The Yamas are moral or ethical principles, sometimes referred to as 'abstinences'. They are:

*Ahimsa - a principle of non-harming / non-violence
*Satya - a principle of truthfulness
*Asteya - a principle of non-stealing
*Bramychandra - a principle of continence or self-restraint
*Aparigraha - a principle of non-greed or non-attachment.

So, in practical terms, what do these mean?

Ahimsa, or non-harming, is similar to the universal moral principle "thou shalt not kill". Each person may have a different interpretation of this principle. For some, it simply means do not kill people, whereas others take this to include animals as well, and therefore do not eat the flesh of animals, and for still others, it is a motivation to protect the rainforests, since their destruction would kill many species of life. It is up to each of us to think seriously about non-harming and decide what we think is morally right for us. In addition to this though, Ahimsa can be extended to every action you take by asking yourself the simple question: "will this harm someone?". Chances are, if the answer is "yes", you should do your utmost to avoid that course of action. You can - and should - also apply Ahimsa to your own life and wellness - first and foremost. Avoid things that you know to be harmful, including relationships, harmful substances, self-depreciating thoughts, or addictions. The list goes on. Living a life that is non-harmful to yourself is the first step to finding your potential happiness.

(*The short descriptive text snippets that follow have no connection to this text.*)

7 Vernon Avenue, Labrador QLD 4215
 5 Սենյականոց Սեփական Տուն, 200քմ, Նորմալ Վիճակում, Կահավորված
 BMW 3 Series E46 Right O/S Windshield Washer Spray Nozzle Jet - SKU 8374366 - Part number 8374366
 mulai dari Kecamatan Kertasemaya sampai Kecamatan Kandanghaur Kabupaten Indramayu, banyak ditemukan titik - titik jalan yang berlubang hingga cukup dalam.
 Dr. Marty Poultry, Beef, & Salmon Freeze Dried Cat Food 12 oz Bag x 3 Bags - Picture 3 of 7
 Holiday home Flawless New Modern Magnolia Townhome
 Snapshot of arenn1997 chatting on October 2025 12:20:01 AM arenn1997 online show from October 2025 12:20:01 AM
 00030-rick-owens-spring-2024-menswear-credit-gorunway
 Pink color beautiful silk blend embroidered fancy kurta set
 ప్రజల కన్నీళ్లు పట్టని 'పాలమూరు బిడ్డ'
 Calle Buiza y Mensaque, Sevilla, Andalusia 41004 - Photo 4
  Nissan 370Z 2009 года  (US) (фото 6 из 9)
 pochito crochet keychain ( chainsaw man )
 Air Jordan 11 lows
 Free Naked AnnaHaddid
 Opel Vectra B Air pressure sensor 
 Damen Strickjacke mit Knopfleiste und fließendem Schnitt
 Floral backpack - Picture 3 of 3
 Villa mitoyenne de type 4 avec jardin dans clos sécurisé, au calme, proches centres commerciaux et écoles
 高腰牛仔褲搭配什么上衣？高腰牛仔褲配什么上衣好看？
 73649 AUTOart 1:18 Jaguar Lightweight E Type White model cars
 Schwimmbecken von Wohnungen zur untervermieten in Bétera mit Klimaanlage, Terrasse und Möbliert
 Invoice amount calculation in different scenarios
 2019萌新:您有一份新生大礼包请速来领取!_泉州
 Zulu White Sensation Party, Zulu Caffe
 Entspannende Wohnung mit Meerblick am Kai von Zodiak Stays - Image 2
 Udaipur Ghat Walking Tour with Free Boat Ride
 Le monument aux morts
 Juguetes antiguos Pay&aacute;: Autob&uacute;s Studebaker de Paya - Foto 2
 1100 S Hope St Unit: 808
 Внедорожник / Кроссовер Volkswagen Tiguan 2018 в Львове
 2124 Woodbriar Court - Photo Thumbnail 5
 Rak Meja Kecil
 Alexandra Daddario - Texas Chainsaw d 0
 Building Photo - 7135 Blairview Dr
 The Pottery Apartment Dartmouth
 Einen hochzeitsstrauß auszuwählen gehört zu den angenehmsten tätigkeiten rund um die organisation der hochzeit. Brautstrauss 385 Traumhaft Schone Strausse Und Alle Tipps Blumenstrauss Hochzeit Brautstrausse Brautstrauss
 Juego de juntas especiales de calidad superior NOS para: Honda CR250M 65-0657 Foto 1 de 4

Satya, truthfulness, comes second in the Yamas. Again, this principle doesn't only apply to being truthful with others, but to yourself. We all deceive ourselves or tell ourselves and others "little white lies" - sometimes leading us to be so entangled in a web of delusion that we feel we are completely lost and out of touch with ourselves. Staying in a relationship when we are not in love, saying "I tried" while knowing you didn't really, pretending to enjoy something to impress another person, all of these are examples of delusion. The principle of Satya could be colloquialised as "no bullshit". Deep down, we know that these are pretenses or lies, and they cause us inner suffering, not to mention that they might cause others to suffer as well. Satya starts with "keeping it real". It means not only to tell the truth, but also to accept responsibility for our actions instead of telling little untruths to cover them up. However, Satya comes after Ahimsa for a reason - the first principle of an ethical life is non-harmfulness. Therefore when telling the truth, the Yogi should first use restraint, and only tell that truth which is not harmful to others. Gossip is the perfect example - stories take on a life of their own and people end up being hurt by the rumours being told about them. When being truthful it is also always important to remember that what is true for you may not be for another person. When several people witness an event, they may all tell a different version of what happened. They are not consciously being untruthful, but in view of this, it is best to remember that every story has two sides. The Yogi should strive carefully to draw the line between fact and opinion: "I saw them eating lunch together" may be fact, but it's a long way from "I think they're having an affair." While you may truly think this - this is a harmful way of telling the truth, that is based on your opinion, not on actual fact.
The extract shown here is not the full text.